The Spiritualism Hoax

 



It is long been the subject of speculation how Arthur Conan Doyle, creator of the famously rational detective Sherlock Holmes, (whose famous quote "no ghosts need apply" has become a ground rule for deductive reasoning) not only believed in ghosts, spooks, and all manner of paranormal stuff, but was a passionate advocate for the spiritualism craze, even going so far as to write a famous article prophesizing that fairies were soon to be scientifically varified. 

The well-known Cottingly Fairie Hoax is infamous for having completely taken in the famous author. In case you haven't heard of it, two or three little girls presented pictures of themselves in the nearby woods, surrounded by dancing fairies. In one, a winged sprite looks about to land on a girl's face. Experts were unable to decupher how they were faked, so many people concluded they must be real. They weren't of course. They were merely cut-outs from a Victorian children's book of fairies. Conan Doyle, sadly, became a laughing stock over this. All the girls eventually confessed to the hoax, but one, at least maintained that one picture showing a small gnome-like figures was in fact real. The gnome, though, looks just as much a cut out as the fairies do. No surprise there.



There was another incident in which the famous author was infamously fooled by young children that I was mostly unaware of. This was the incident which is beleived to have kicked off the entire spiritualist craze in the first place. Two young sisters (different ones) had a mother who was dreadfully afraid of spooks. They played a prank involving dropping a stone (or something) on the floor to scare her. What I only found out recently was what followed; the children, having discovered they could fool grownups, claimed that they could communicate with a spirit-being called "split-foot" (a traditional name for the devil, refering to his cloven hooves). They'd ask "Splitfoot" a question, and depending on the answer, the "spriit" would produce a knocking sound a requested number of times. Adults were amazed at the girls' uncanny abilities. These adults again included Arthur Conan Doyle, who completely fell for the ruse, apparently applying none of the Holmesian logic made famous by his own stories.

Others, however, did. A group of doctors claimed that such a sound could be produced by the human's knee joints.
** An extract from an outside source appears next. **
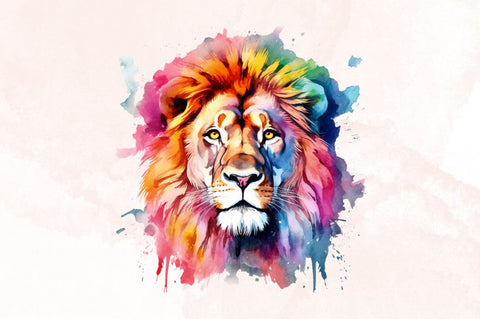 Watercolor King Lion Sublimation Clipart Bundle Sublimation Designangry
They asked the girls to contact the spirit while in such a postion where they could not produce the sound through the knees. "Slewfoot" made no reply this time, but many of the other adults continued to beleive. 

Eventually, however, soemtime during her late adulthood, one of the sisters confessed that that was indeed how they made the sounds. 
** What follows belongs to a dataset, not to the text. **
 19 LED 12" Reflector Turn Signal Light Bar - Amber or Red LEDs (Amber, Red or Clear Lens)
It's all the more strange when one considers that Doyle himself showed a test reel of the stop-motion dinosaurs for the 20s adaptation of his own Lost World novel to the Society of American Magicians, and managed to confound them.

Doyle was also known to have a fondness for practical jokes. In one famous photo he posed as Edward Challenger his character from The Lost World, with his friends impersonating Lord Roxton and the others. Doyle has even been implicated by some to have been involved in the infamous Piltdown Man hoax, though evidenece points to only Charles Dawson, the famous fossil fraud and his cronies. 


Why was Doyle, omf all people so taken in? Simple: we tend to believe what we want.